In fact, the Obama Administration has appointed five former Recording Industry Association of America (RIAA) attorneys to influential positions in the department—including the No. 2 and No. 3 positions. As a result, the administration supports an award of $150,000 in damages for each illegally shared music track.

That turns into an attractive source of revenue when one considers the free police work being provided by millions of apprehensive citizens.

Hollywood is less of a surprise. With its long history of loyalty to the Democratic Party, in terms of both votes and campaign contributions, the movie industry is essentially collecting another dividend check on a time-tested investment.

As for the pharmaceutical industry, that relationship is a bit more complicated, but no less of a surety. It began almost immediately after President Obama was sworn in. With healthcare reform a top priority on the new administration’s agenda, a give and take connection began to substantiate.

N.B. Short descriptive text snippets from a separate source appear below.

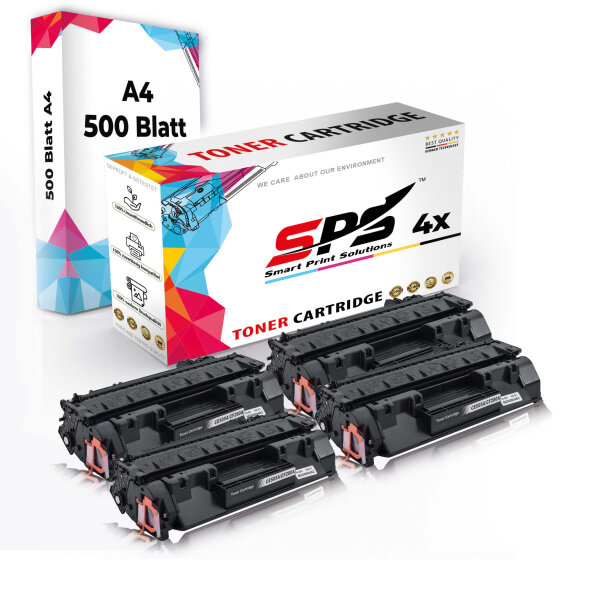 Druckerpapier A4 + 4x Multipack Set Kompatibel für HP Laserjet P 2053 D (CE505A/05A) Toner-Kartusche Schwarz XL 3500 Seiten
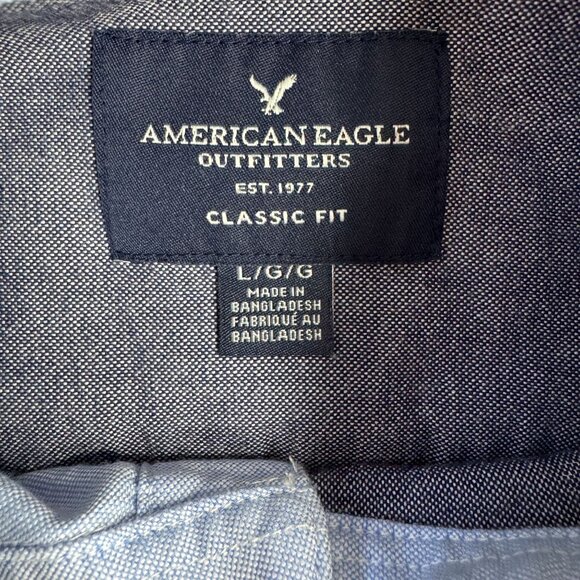 American Eagle Vintage‎ Y2K Patchwork Denim Button Up Shirt Mens Classic Fit L - Picture 5 of 7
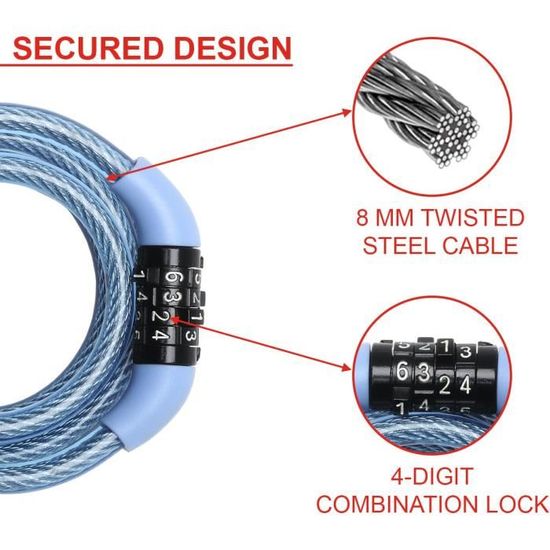 Antivol Vélo Master Lock 90cm - Câble Vert Combinaison 4 Chiffres, Extérieur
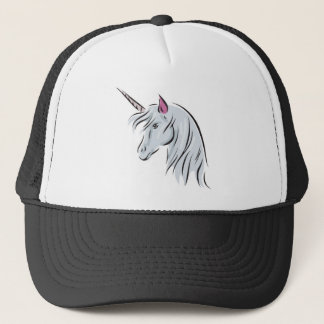 Casquette tête de licorne blanche
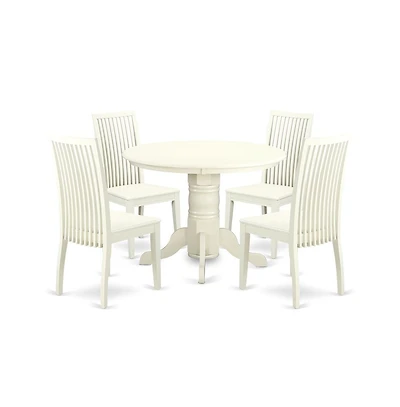 East West Furniture Dining Room Set Linen White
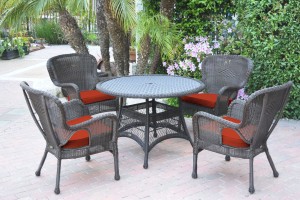 5pc Windsor Espresso Wicker Dining Set with Brick Red Cushions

In return for increased investment in Medicare prescription-drug coverage and a pro-reform ad campaign by Pharmaceutical Research and Manufacturers of America (Big Pharma), the administration agreed to fight congressional attempts to import cheaper drugs and grant Medicare bargaining power with the pharmaceutical industry.

Once one becomes aware of the gravity of this relationship, it makes sense that Big Pharma would be a beneficiary of this new Orwellian policy coming out of the Justice Department. By keeping unauthorized drugs off the market, the industry can rest assured that profits will continue to soar as prices continue to be set without inconveniences like competition or price negotiation.

Big Brother Equals Big Money

“While we applaud the idea of installing keyloggers on friends’ computers to see if they are undermining the country’s economic recovery,” Kravets sarcastically concludes, “asking America to be on the lookout for terrorists and intellectual property infringers at the same time could be confusing.”

Though I resonate with Kravets’ concern for a befuddled public, the greater harm is the chronic condition that is slowly enveloping the population. With the introduction of each new Orwellian policy, a greater cross-section of the citizenry adopts the ideology that government is an inherently broken institution that will continue down the abusive road of ever-increasing brokenness until, at long last, it withers away and must be rebuilt from scratch.

Tragically, this perception of governance creates a vacuum that repeatedly allows those who caused the collapse to come right back as the harbingers of the next system. That is, by attributing failure to government in general, the true culprits are never addressed, and people become increasingly pessimistic—a perfect formula for those who repeatedly exploit this trend.

The elusive truth is this: Government takes on the character of those who influence it.

When one views the government as someone from the outside looking in, that is itself the problem. If an increasingly large portion of the population views government in this manner, it only means that a smaller, more self-interested group is free to shape policy that serves its own exclusive benefit without any real resistance from the rest of the population.

In other words, Big Brother is not the inevitable end of every government. Rather, it is the equally predictable result of allowing a powerful minority to assume a role that is reserved for the whole of society.